§ **EXERCISE**
Return the listing below exactly. Leave its pictures out.

§ **SUPPLIED DATA**
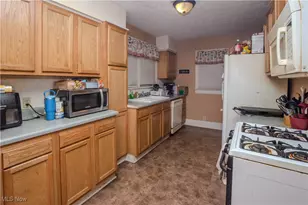 1442 Hillside Terrace, Akron, OH 44305 - Photo 5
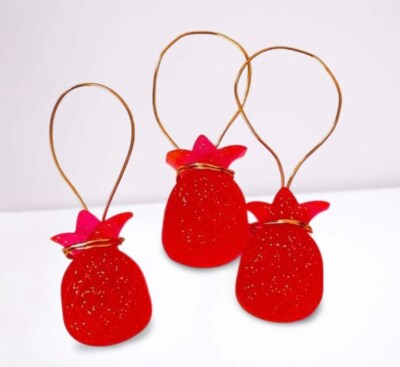 1 x Rosa Harz Kunst Ananas geformt Weinflasche Charm in Kupfer verpackt. Für
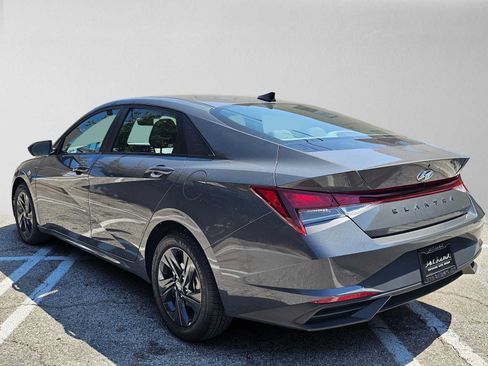 Used 2023 Hyundai Elantra SEL FWD image 5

§ **ANSWER SECTION**
 1442 Hillside Terrace, Akron, OH 44305 - Photo 5
 1 x Rosa Harz Kunst Ananas geformt Weinflasche Charm in Kupfer verpackt. Für
 Used 2023 Hyundai Elantra SEL FWD image 5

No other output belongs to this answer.